The findings were shared with the public by Italian scientists who participated in a campaign called 'Caravan of Glaciers' launched by Legambiente, an environmentalist group, and the International Commission for the Protection of the Alps (CIPRA) with the support of the Italian Glacier Committee. The scientists, who have been monitoring glaciers as part of the campaign, said on Monday that Marmolada was losing between 7 and 10 cm of depth a day. 


A press release issued by Legambiente said that, in the past five years, the Marmolada had lost 173 acres of its surface area, equivalent to 98 football fields, in a stark testament to the effects of the climate emergency. It stated that the glacier was now in an “irreversible coma”, adding that the Marmolada had withdrawn by 1,200 metres since the beginning of scientific measurements in 1888.


“At this rate, by 2040, the Marmolada glacier will no longer exist,” the release said.


The climate emergency is said to have had an impact across the Italian Alps. Winter droughts with very little snowfall combined with unusually high summer temperatures are causing the glaciers to rapidly melt.

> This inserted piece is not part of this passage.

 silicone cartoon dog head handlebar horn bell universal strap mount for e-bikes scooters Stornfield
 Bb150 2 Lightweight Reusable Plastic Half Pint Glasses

Two of the largest glaciers in Italy — the Adamello, located between Lombardy and Trentino, and Forni, in Lombardy — have shown worrying trends as well. Forni has reportedly retreated 800 metres within the past 30 years and 2 km over the past century. Since 2016, the Adamello glacier, the largest in Italy, has retreated "~200m due to global warming", according to Copernicus, the Earth observation arm of the EU's space programme. 


In 2022, a glacier on the Marmolada mountain collapsed, which sent an avalanche of ice, snow and rocks down the slope, killing 11 people. 


Due to the glaciers melting, tons of waste has resurfaced in the area, including perfectly preserved weapons, sledges, letters, diaries, and even bodies of soldiers who fought during World War I.